I'm new to the fixed speed world and have been ridign a new Langster for a few weeks now with a stock 48/16 ratio. problem is my commute and daily training involves a LOT of hill climbing....would an 18 be more beneficial or should I go bigger?
I'm sure there have been posts on this, but a quick search didn't produce much...


----------



## asterisk (Oct 21, 2003)

This isn't a direct answer to your question but this is more a matter of personal preference and length/grade of hills climbed. Use your road bike for comparison, find out the gear inch of various combinations and try your commute without shifting. Decide which one works best for you and match the gear inch measurement to a cog/chain ring combo.

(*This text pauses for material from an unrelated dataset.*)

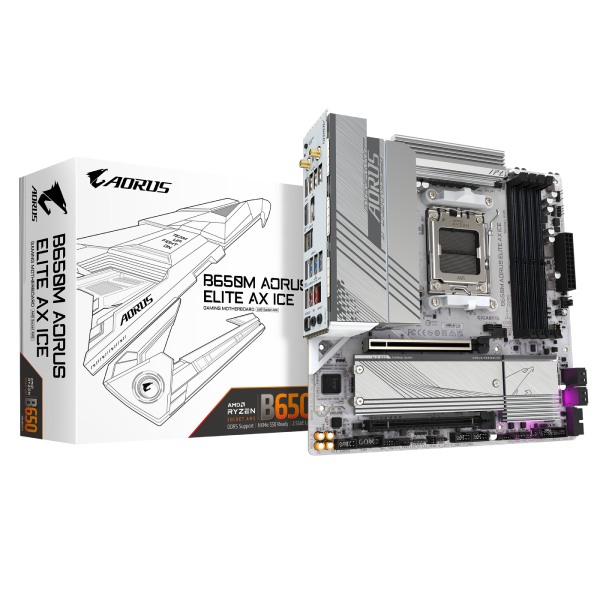 Gigabyte AORUS B650M ELITE AX ICE základní deska, AMD B650, AM5, 4xDDR5, mATX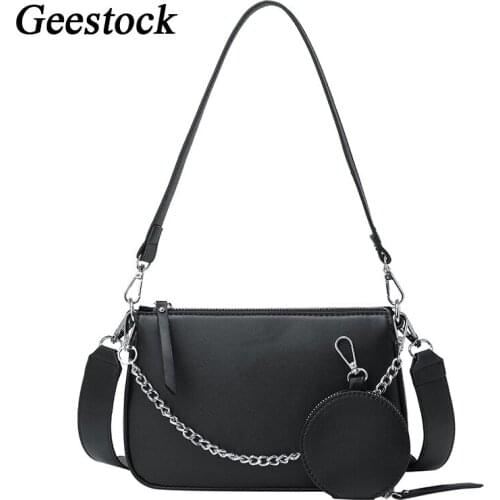 Geestock Shoulder Bag for Women PU Leather 2 Pieces Set Crossbody Bags With Coin Purse Handbag Designer Female Messenger Bags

That said, you'll see a lot of commuter fixed riders find 70 gear inches to be a sweet spot. Typical set up is 42x16.


----------



## Howzitbroke (Jun 1, 2005)

Skid mark Homer rocks.

It is a personal thing. Most of the guys I know run 42x16, 48x18, for general stuff, I like 44x17 with 35c tires. Bigger tires make the wheel bigger which ups the gear inches. I run I think 72.5 or something. Just feel right.


----------



## olds_cool (Feb 14, 2005)

*i don't think there is a right answer.....*

i think you'll probably end up buying different rings and cogs as you go. i live in wv, and you are either going up or down. not exactly perfect for single speed road bikes, but what the hey. when i put mine together i went with a 46 x 18. little lower than the 42 x 16. first ride and i went and orderd a 42 for the hills. by the time it showed up, i was a little more used to the gear, and never put it on. fitness improved i guess. now the 44 x 18 feels a little big sometimes, and sometimes i want bigger. of course i don't go out to the mountains on the fixie yet, but at some point i will and will probably put on the 42 for some serious steep hill sprints. i do feel that the smaller ring and cog combo is much easier to do skip stops with, for some reason.


----------



## shokhead (Dec 17, 2002)

The one that gets me up the hill. Sante Fe Dam would be the 39X25


----------



## fixintogo (Nov 14, 2005)

48 x 16 seems really tall to me! On my new bike, I found that the stock 48 x 18 was a little big, so I dropped the chainring to a 47. While it's only a one-tooth difference - from a 72 g.i. to a 70.5 - it really made the bike more fun to ride. I think it's worth noting that it's important to have the right gear combo for riding flats and descents as well - the whole thing is about compromise; the guy who recommended a 70-inch gear hit the nail on the head, IMO. If you're going to experiment with new combos, remember that chainrings allow you to fine tune the gear inches in smaller increments than cogs do, but cogs cost about $25 and chainrings about $65.


----------



## SickBoy (Oct 29, 2004)

Depends where you live, a lot of chicago type ppl run something in the 50/15 region or bigger. Most fixt's I've seen here in mpls don't use anything much bigger than 44 or 45 with 15 or 16t rear. I personally go 44/15 which lets me get up most hills here and I only get excessively spinny on a downhill of a mile or more, of which there are only a couple in the cities.


----------



## Spinfinity (Feb 3, 2004)

*44x15 for me.*

I'd recommend starting by approximating or equaling the gear ratio that you use most often on your geared bike. Learn to handle the ups and downs and get help for one or the other according to what you need.


----------



## djg (Nov 27, 2001)

bahueh said:


> I'm new to the fixed speed world and have been ridign a new Langster for a few weeks now with a stock 48/16 ratio. problem is my commute and daily training involves a LOT of hill climbing....would an 18 be more beneficial or should I go bigger?
> I'm sure there have been posts on this, but a quick search didn't produce much...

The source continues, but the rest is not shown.